By Andrew Calleja, Socialist Party Melbourne
During the euphoria that swept the Victorian Greens in the aftermath of the 2002 Yarra City council elections, incumbent Green councilors were at pains to explain that their party was progressive but with a capitalist ideology. It seemed that the Greens had become the party of many disaffected ALP voters.
Indeed Electrical Trades Union State Secretary Dean Mighell joined the party after years of ALP membership. By the Victorian State election later that year the Greens with a record membership had become popular enough to send a shudder through the ALP camp, with the loss of the seat of Richmond a reality. In the end the ALP retained Richmond but Gemma Pennell went within 900 votes of unseating Dick Wynne.

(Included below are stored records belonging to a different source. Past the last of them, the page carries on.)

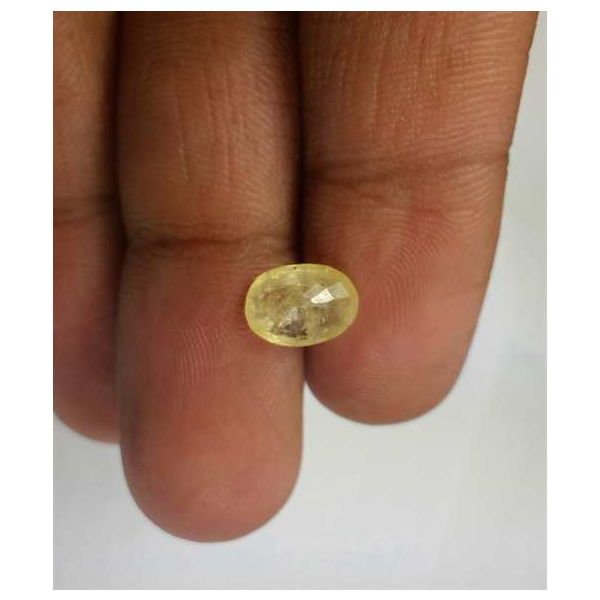 2.63 Carats Yellow Sapphire 9.25 x 6.65 x 4.40 mm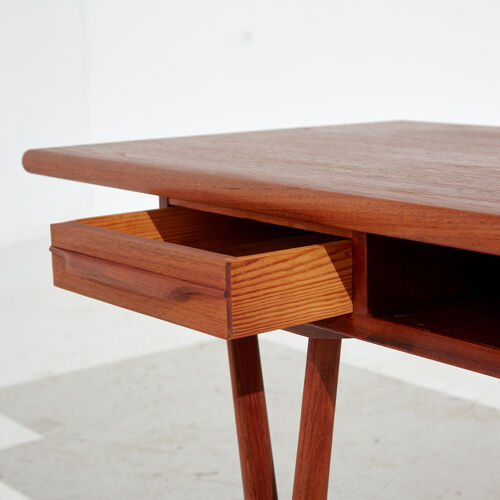 Model 32 teak coffee table by E.W. Bach for Toften Møbelfabrik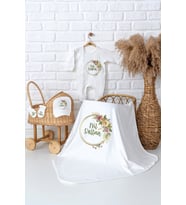 Pia Baby Premium  %100 Pamuk İsme Özel Kız Bebek Battaniye Tulum Hastane Çıkışı Hediye Seti 5088-05 (Ekru)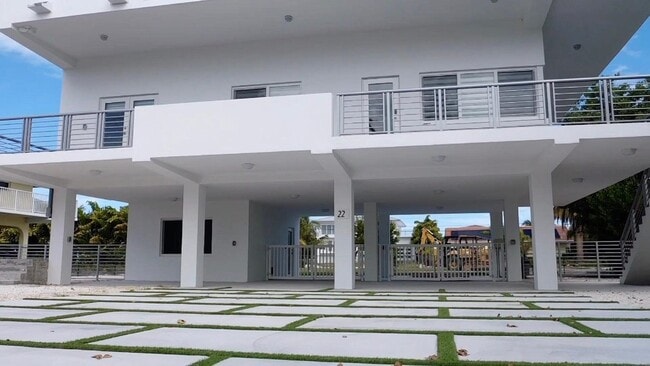 Building Photo - 229 W Seaview Cir Rental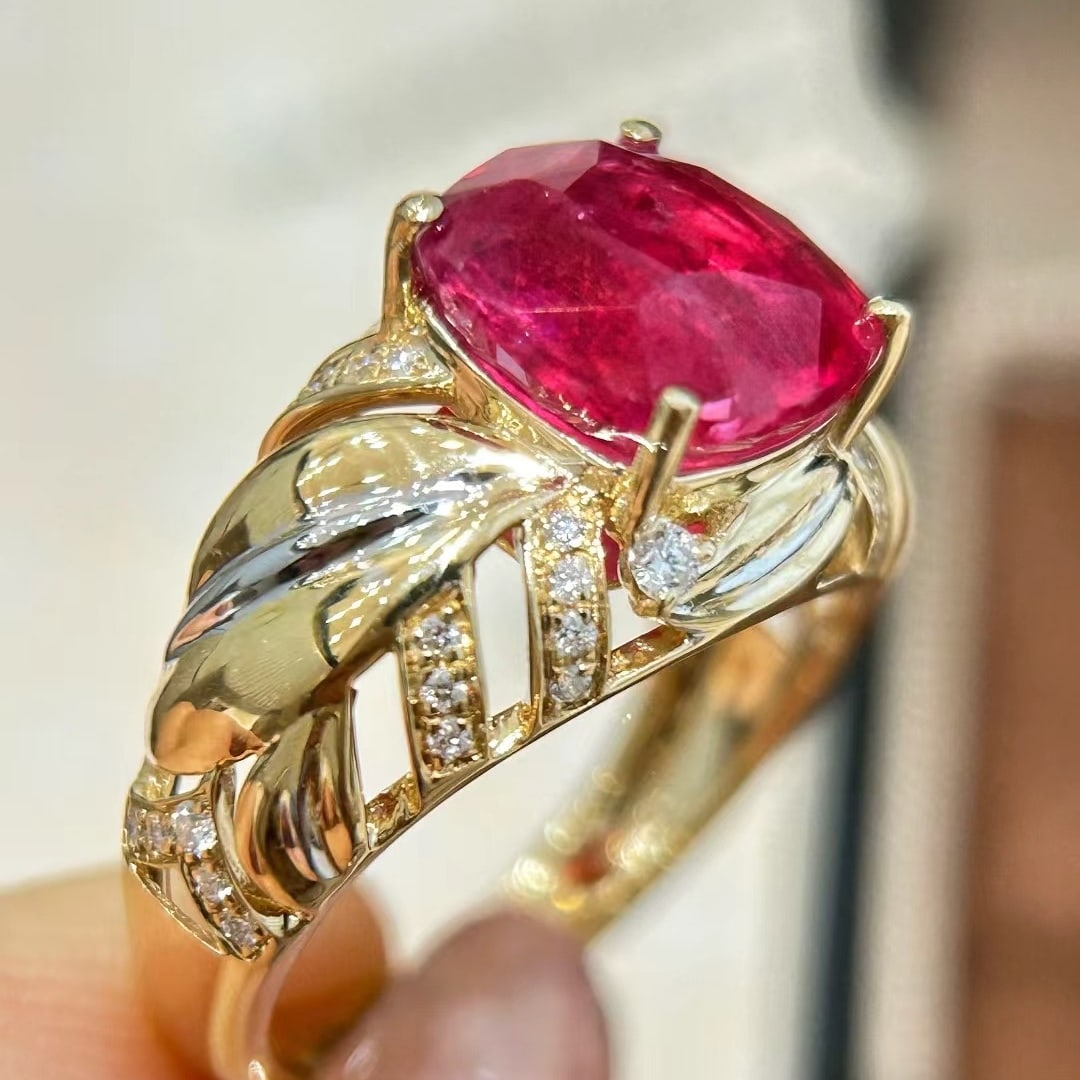 14k Gold 5.23 Ctw Natural Spinel & Diamond Ring - 2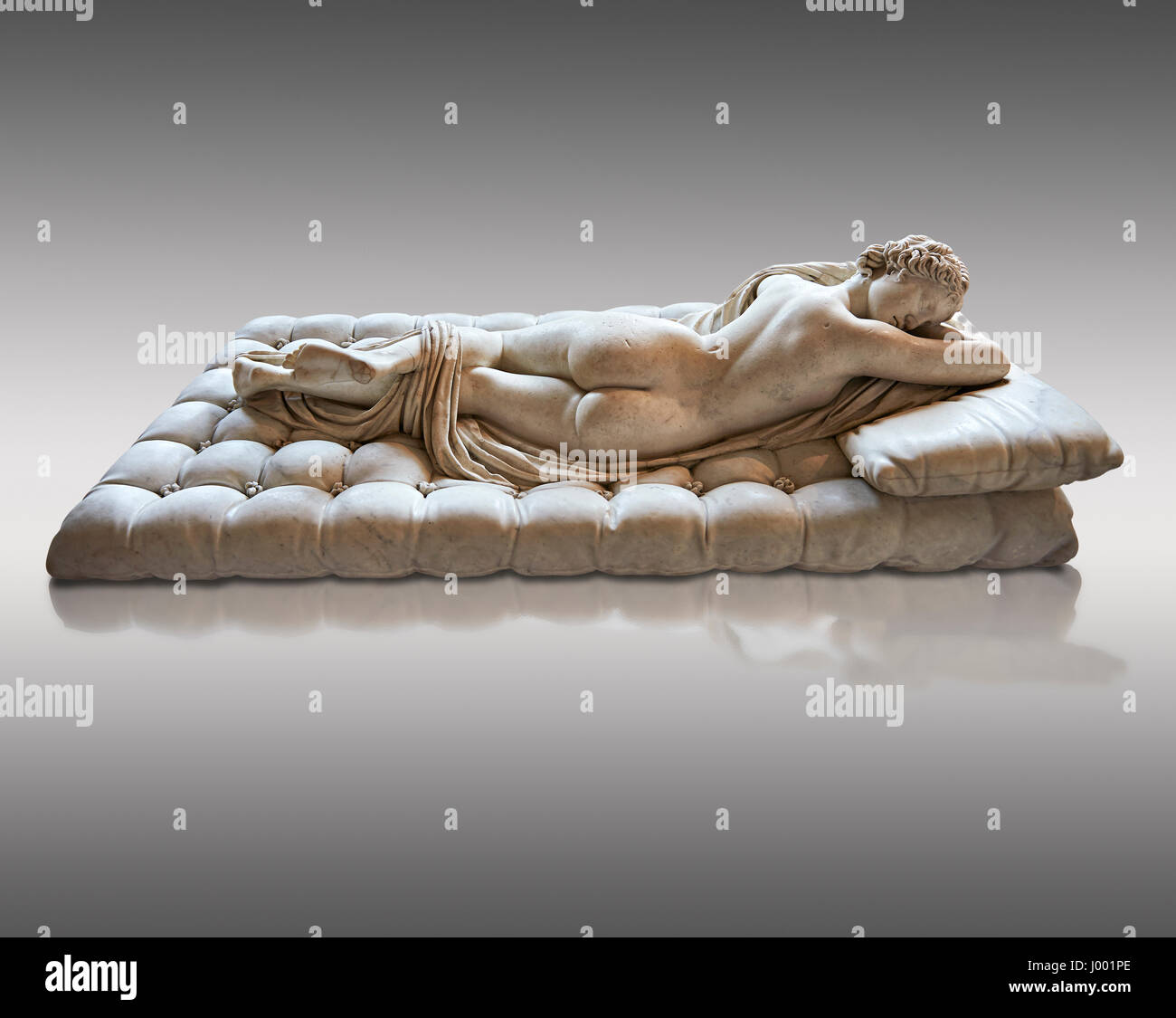 Sleeping Hermaphroditus, il Borghese ermafroditi. Una dimensione di vita antica II secolo d.c. statua romana scolpita in marmo greco, il museo del Louvre, Parigi Foto Stock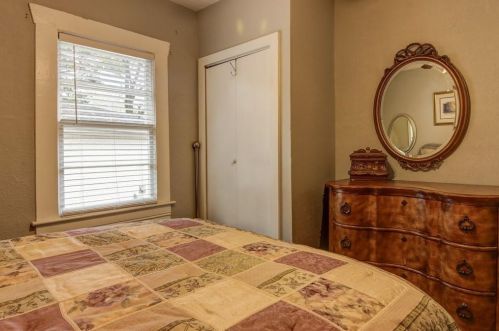 1837 Dorsey Ave, Atlanta GA 30344-6823 exterior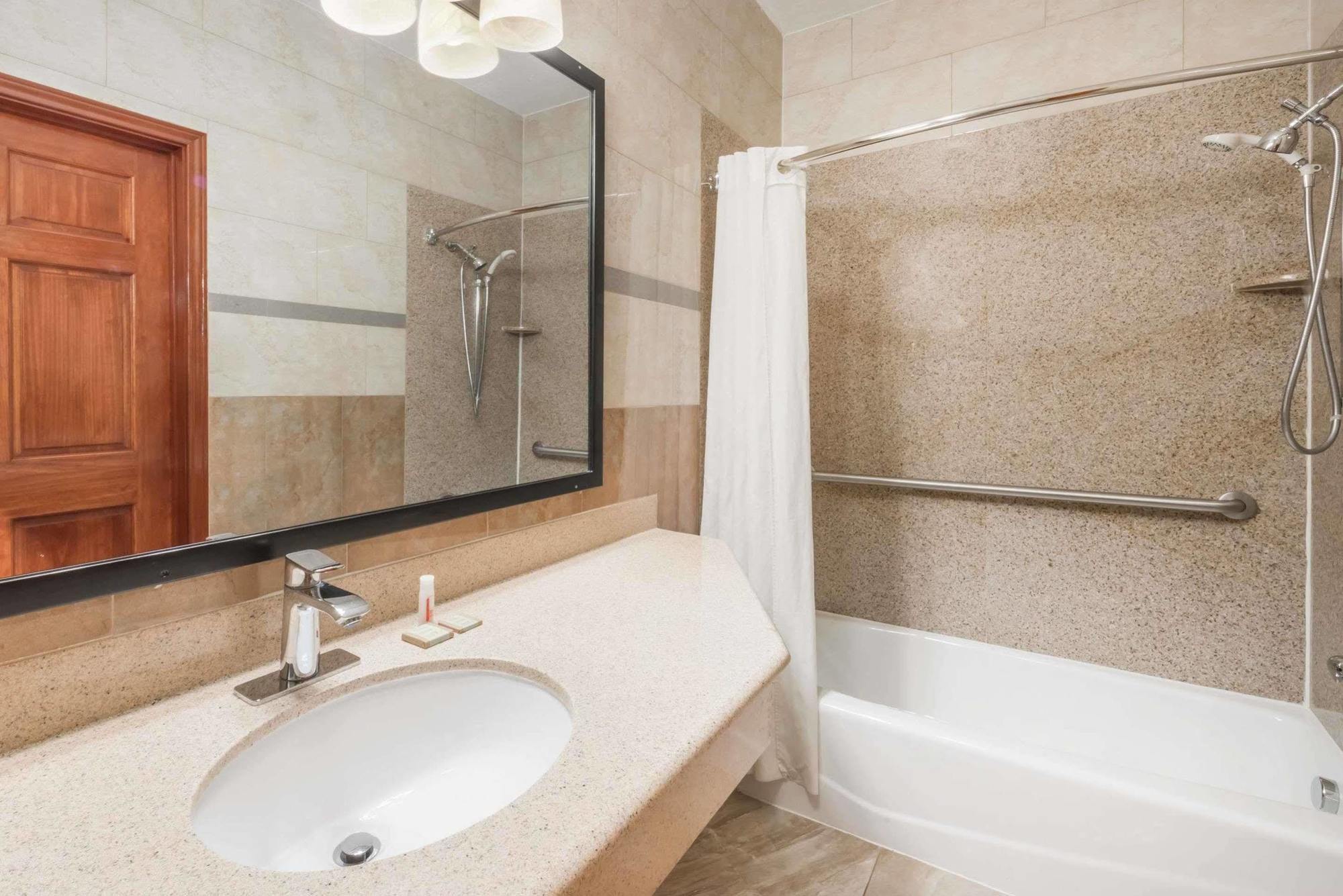 Hotel Super 8 Donna Extérieur photo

Move forward 18 months and Greens membership has stalled on the back of ALP resurgence and dissatisfaction with the way the party has handled itself in local government and other forms of public office. Dean Mighell is again a member of the ALP and the Green vote is expected to be steady rather than spectacular at the upcoming federal election.
The Greens greatest short fall in inner city Melbourne has been its lack of innovation in dealing with social issues. None more so then its response to the shortage of affordable accommodation. The Greens have buried their collective heads in the sand on this issue, possibly because of the perceived lack of votes in advocating for those most at risk of homelessness.
Instead of lobbying the Commonwealth, or the state for greater public housing access, the Greens have been busily trying to divert the issue from the streets of inner city Melbourne. Their call to close down crisis accommodation centers such as Ozanam House, Hanover and Flagstaff in favor of regional centers reeks of seeking to put the problem out of sight and therefore out of the minds of inner city residents.
The support of a plan to extend park benches, put more lighting in public parks, provide public laundry facilities and install lockers with keys available from outreach workers is short sighted at best and lazy at worst.
Voters must critically analyse the underbelly of the progressive face that is the Greens and not give away any blank cheques at the upcoming federal election.